### SOURCE DATA
--------------------
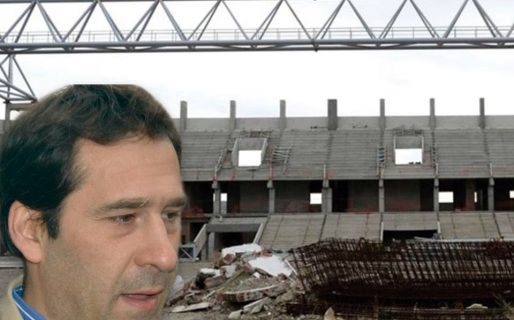 La Oficina Anticorrupción denunció sobrecertificación en el Estadio del Centenario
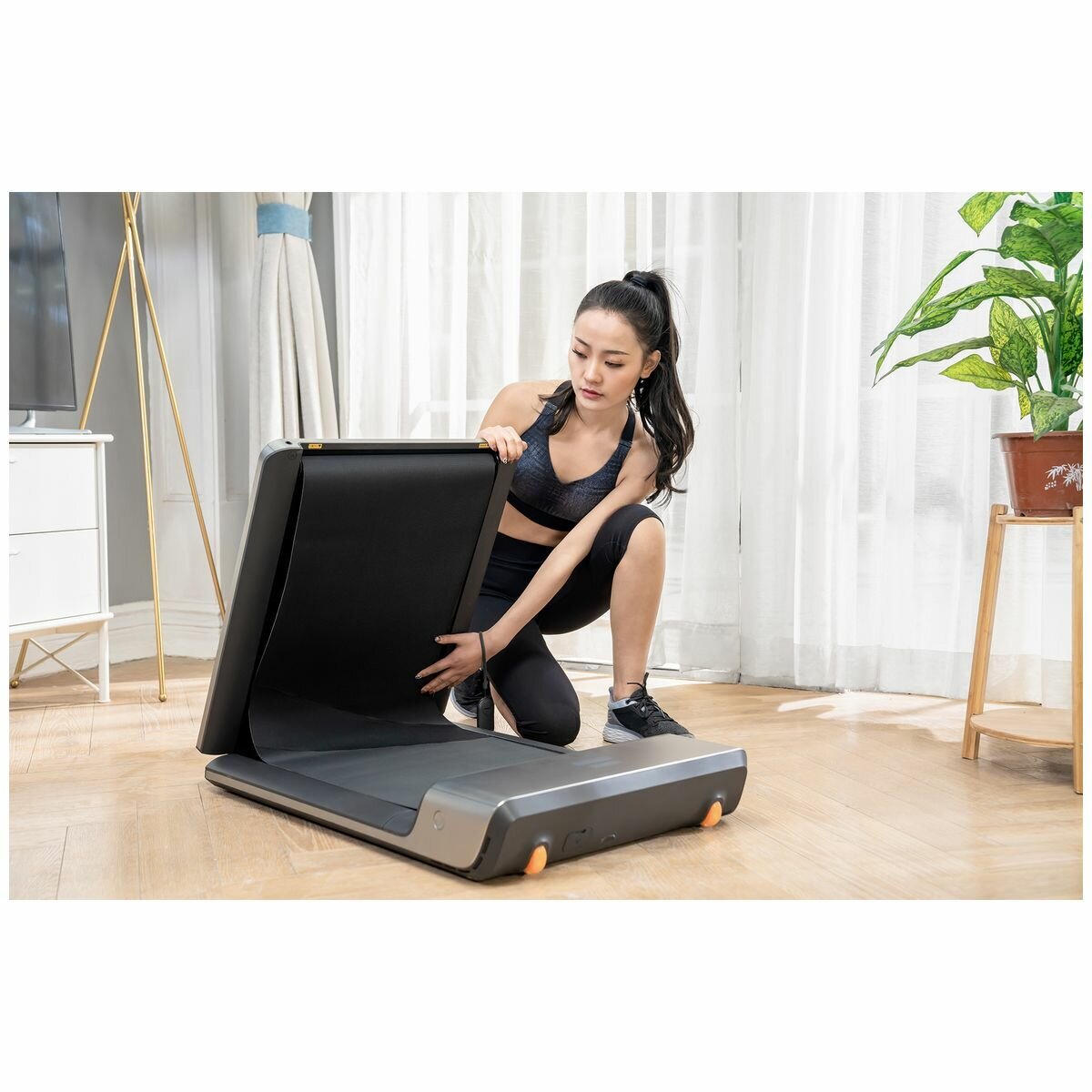 Walkslim 630 sales walkingpad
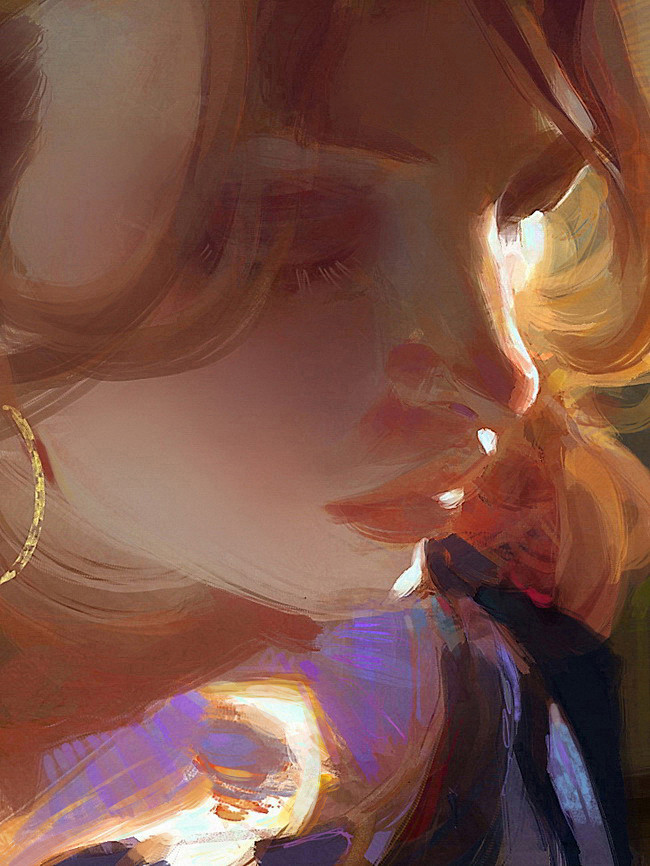 涂鸦练习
--------------------
### WORK REQUIRED
The entire listing above, word for word and without pictures, is what should be output.

### ANSWER BELOW
 La Oficina Anticorrupción denunció sobrecertificación en el Estadio del Centenario
 Walkslim 630 sales walkingpad
 涂鸦练习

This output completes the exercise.